DUE: Wednesday, October 11, 2006

Compiling Arithmetic Expressions

Overview: Your assignment for this project is to write a simple compiler from infix arithmetic expressions to an imaginary assembly language. Assembly language is "a human-readable notation for the machine language used to control a specific computer architecture" [wikipedia]. The imaginary assembly language instructions you will be generating here have the form:

add a b ==> c
mul b 3 ==> d

There are four assembly instructions, corresponding to the basic arithmetic operations: mul, div, add, sub.

Your final program should read an expression from standard input (keyboard) and print to standard output the compiled result: (the underlined portion represents the user's input)

Enter an expression: a + b - 56 * 34 / b3_3f add a b ==> var000 mul 56 34 ==> var001 div var001 b3_3f ==> var002 sub var000 var002 ==> var003

As you can see, the compiler breaks the infix arithmetic expression into single arithmetic steps, storing the results in newly generated variable names as it goes. I will provide you a simple function to generate the variable names.

Algorithm

(This problem taken from Objects, Abstraction, Data Structures, and Design using Java by Koffman and Wolfgang).

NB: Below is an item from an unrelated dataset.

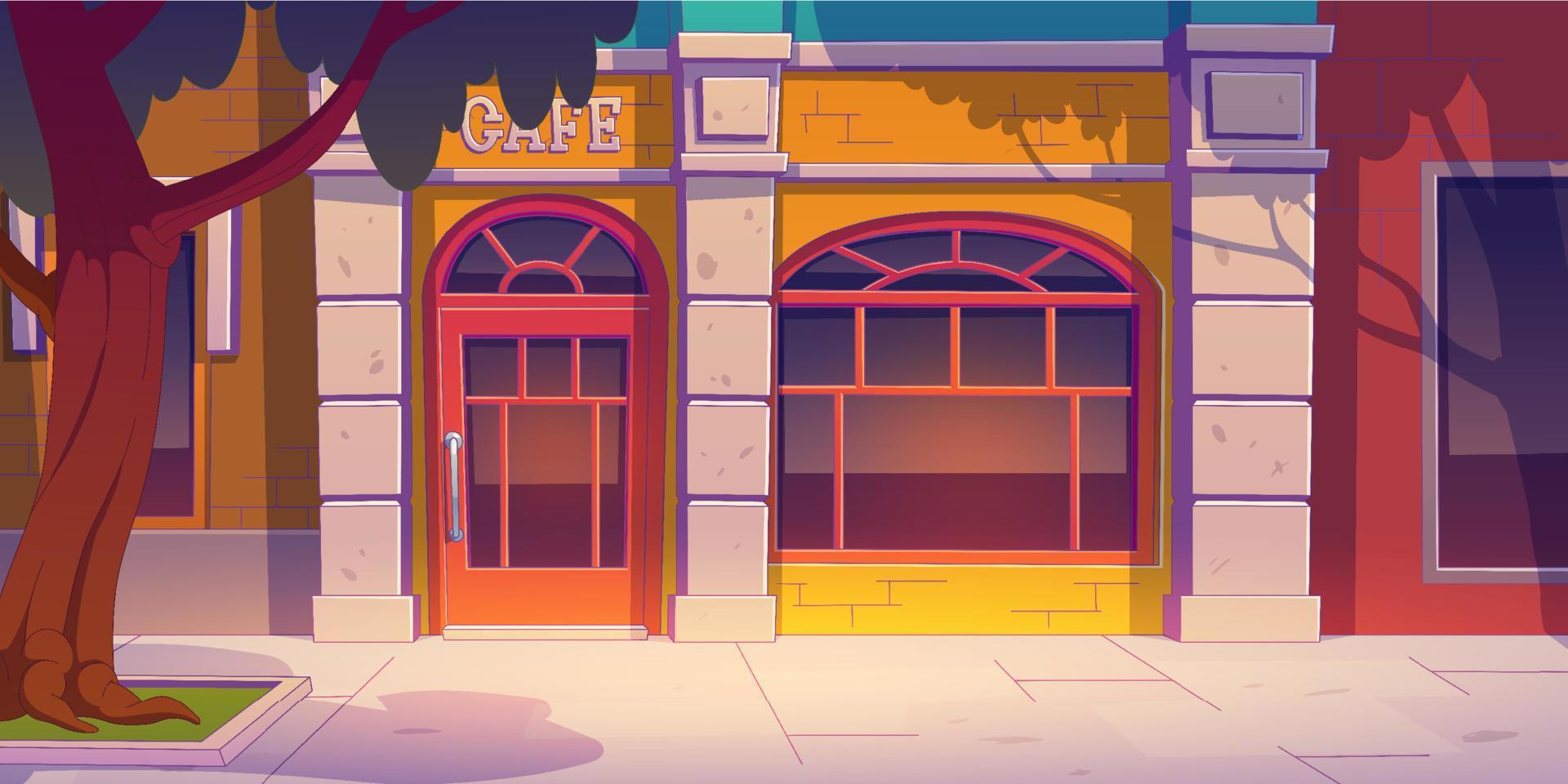 Cafe facade in city street with tree on sidewalk vector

Assume that the tokens (operators and operands) in the input string are separated by spaces. You will use two stacks in this algorithm. Your program should read in each token and process it as follows:

If the character is neither an operand nor an operator, display a helpful error message and terminate the program. If it is an operand, push it onto the operand stack. If it is an operator, compare its precedence to that of the operator on top of the operator stack. If the current operator has higher precedence than the one on top of the stack (or if the stack is empty), it should be pushed onto the operator stack. As long as the current operator has the same or lower precedence to the one on top of the operator stack, the operator on top of the operator stack must be evaluated next. This is done by popping that operator off the operator stack along with a pair of operands from the operand stack and writing a new line in the output table. The variable selected to hold the result should then be pushed onto the operand stack. Continue this process until the top of the operator stack has lower precedence than the current operator, or until the stack is empty. At this point, push the current operator onto the top of the stack and examine the next token in the input.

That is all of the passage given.